Boolean optimization
Queries may be automatically optimized if OPTION
boolean_simplify=1 is specified. Some transformations performed
by this optimization include:
- Excess brackets: ((A | B) | C) becomes ( A | B | C ); ((A B) C)
becomes ( A B C )
- Excess AND NOT: ((A !N1) !N2) becomes (A !(N1 | N2))
- Common NOT: ((A !N) | (B !N)) becomes ((A|B) !N)
- Common Compound NOT: ((A !(N AA)) | (B !(N BB))) becomes (((A|B) !N)
| (A !AA) | (B !BB)) if the cost of evaluating N is greater than the
added together costs of evaluating A and B
- Common subterm: ((A (N | AA)) | (B (N | BB))) becomes (((A|B) N) |
(A AA) | (B BB)) if the cost of evaluating N is greater than the added
together costs of evaluating A and B
- Common keywords: (A | “A B”~N) becomes A; (“A B” | “A B C”) becomes
“A B”; (“A B”~N | “A B C”~N) becomes (“A B”~N)
- Common phrase: (“X A B” | “Y A B”) becomes (“(”X”|“Y”) A B”)
- Common AND NOT: ((A !X) | (A !Y) | (A !Z)) becomes (A !(X Y Z))

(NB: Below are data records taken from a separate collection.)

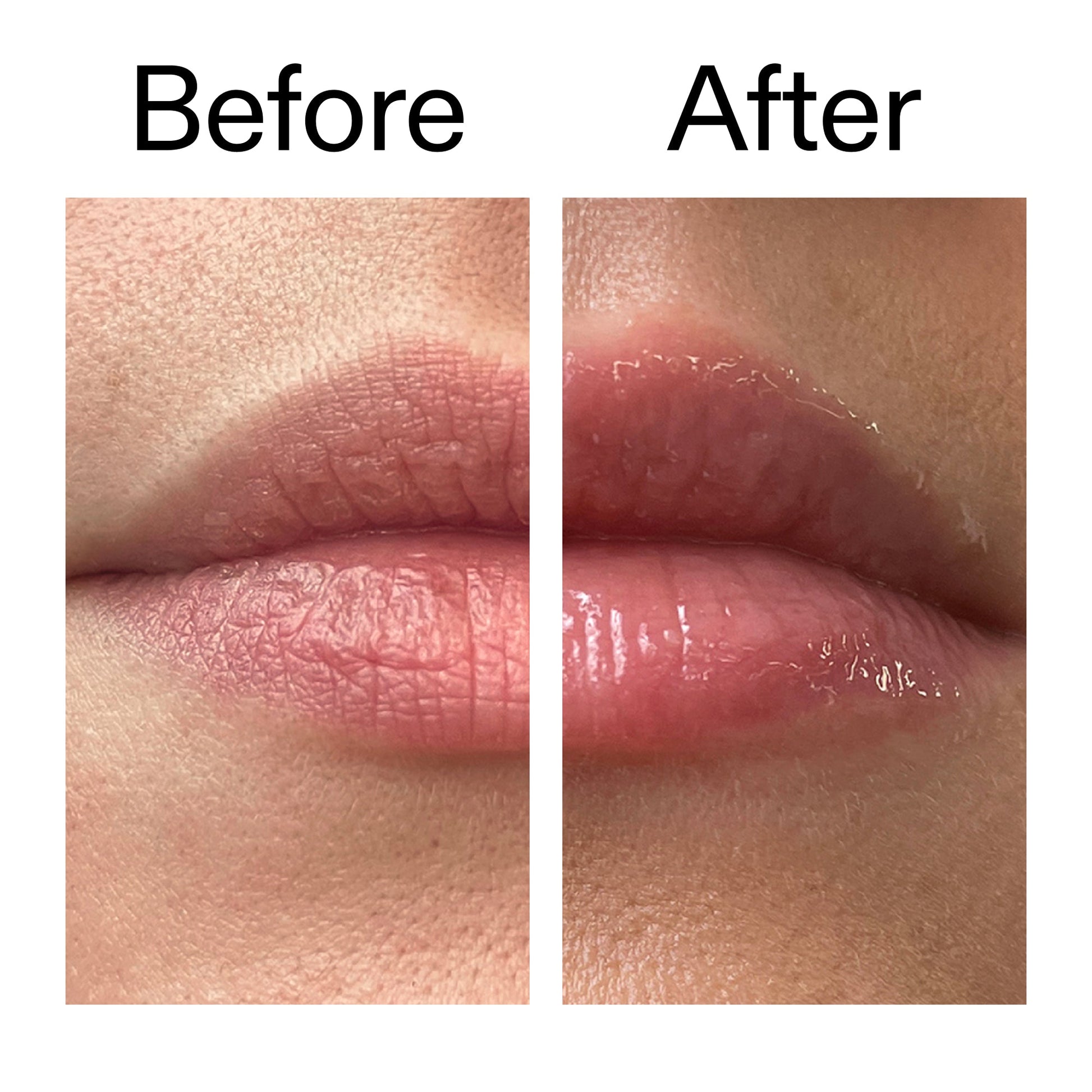 lip-plumping-duo-i3 Tripeptide_Plumping_Lip_Balm_Before_After_2000x2000_b4a5ee04-d2ac-4857-8f01-17209acc4bf3.jpg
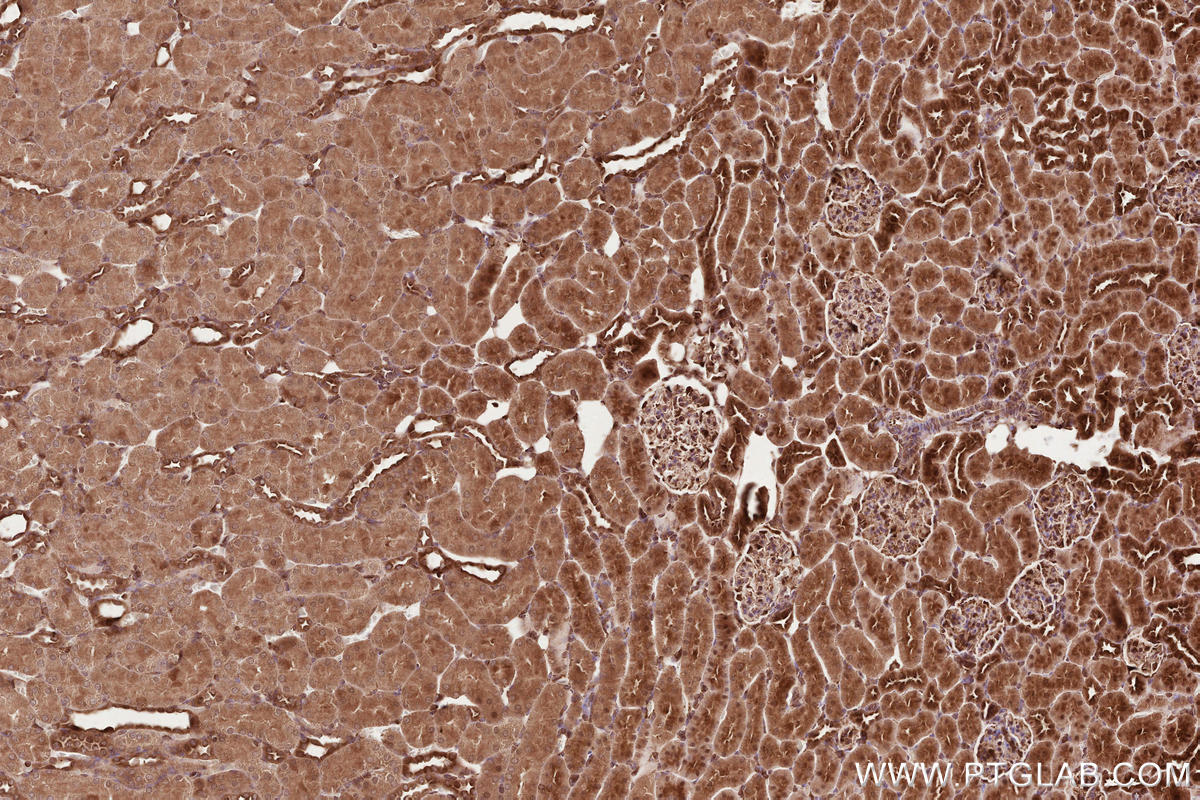 Immunohistochemical analysis of paraffin-embedded rat kidney tissue slide using KHC2571 (MAP1S IHC Kit).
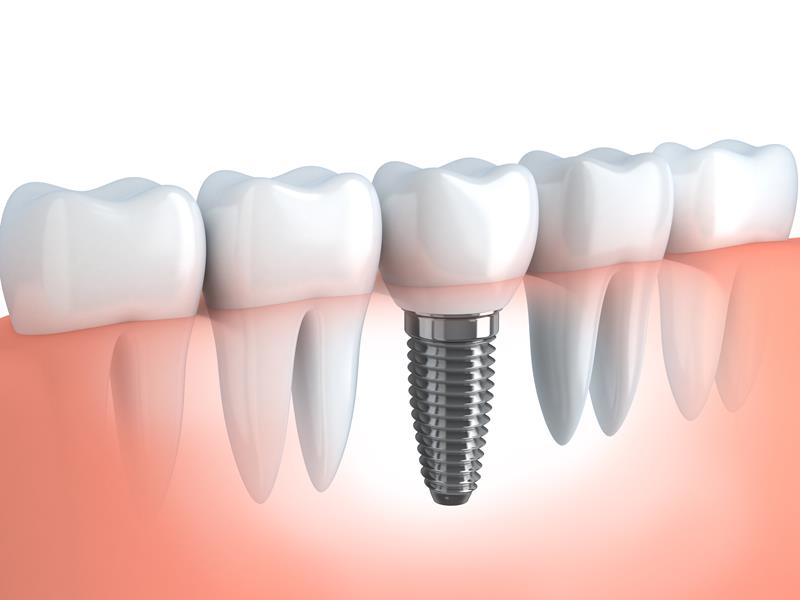 Dental Implants Crescent City, CA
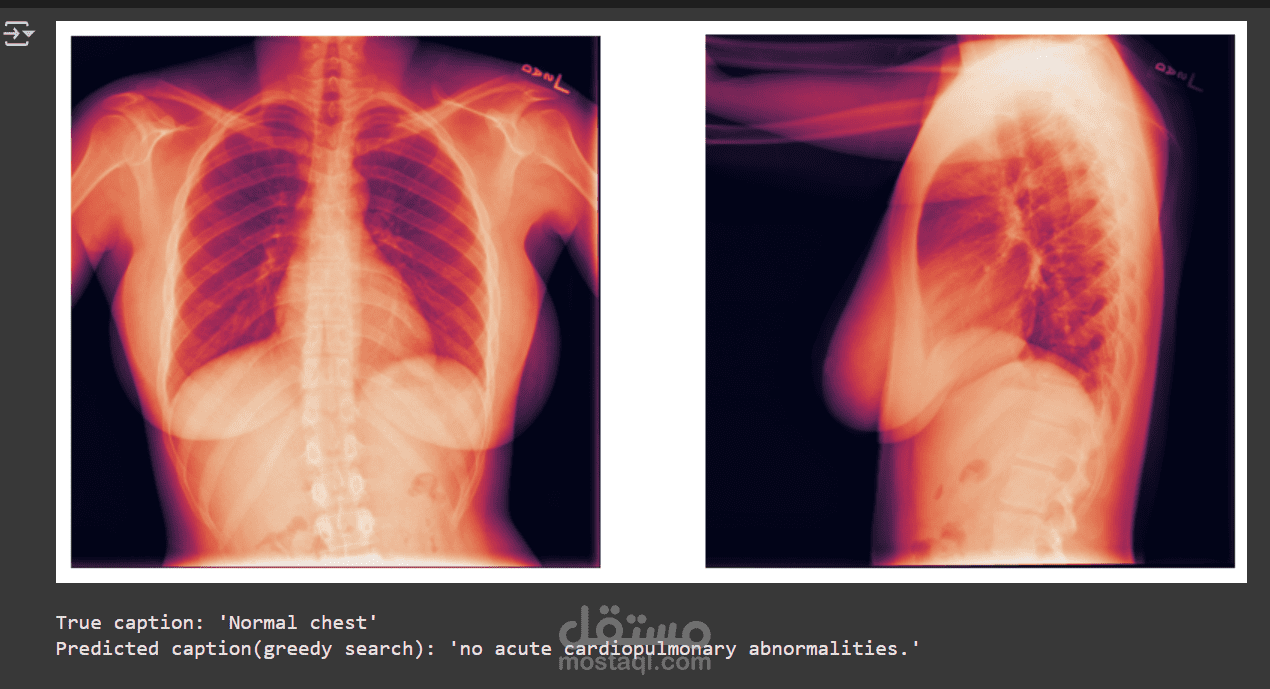 Image Captioning with Deep Learning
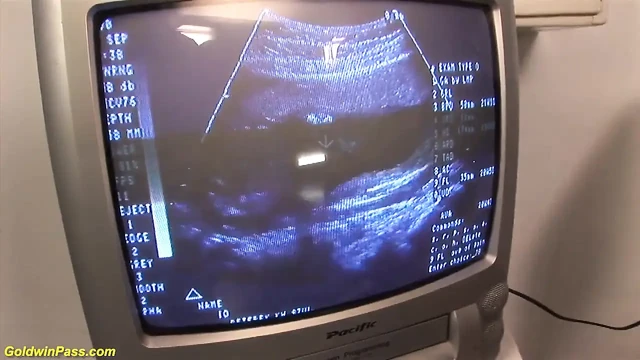 Kızıl saçlı hamile klinikte sikiliyor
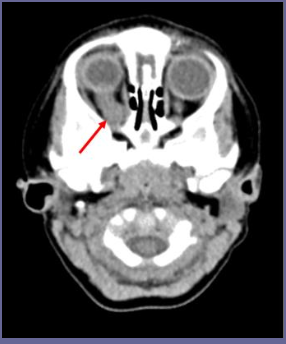 <ul><li><p>neurofibromatosis (NF) genetic disorder</p></li></ul><p></p>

- Common OR NOT: ((A !(N | N1)) | (B !(N | N2))) becomes (( (A !N1) |
(B !N2) ) !N) Note that optimizing the queries consumes CPU time, so for
simple queries -or for hand-optimized queries- you’ll do better with the
default
boolean_simplify=0 value. Simplifications are often
better for complex queries, or algorithmically generated queries.
Queries like “-dog”, which implicitly include all documents from the
collection, can not be evaluated. This is both for technical and
performance reasons. Technically, Manticore does not always keep a list
of all IDs. Performance-wise, when the collection is huge (ie. 10-100M
documents), evaluating such queries could take very long.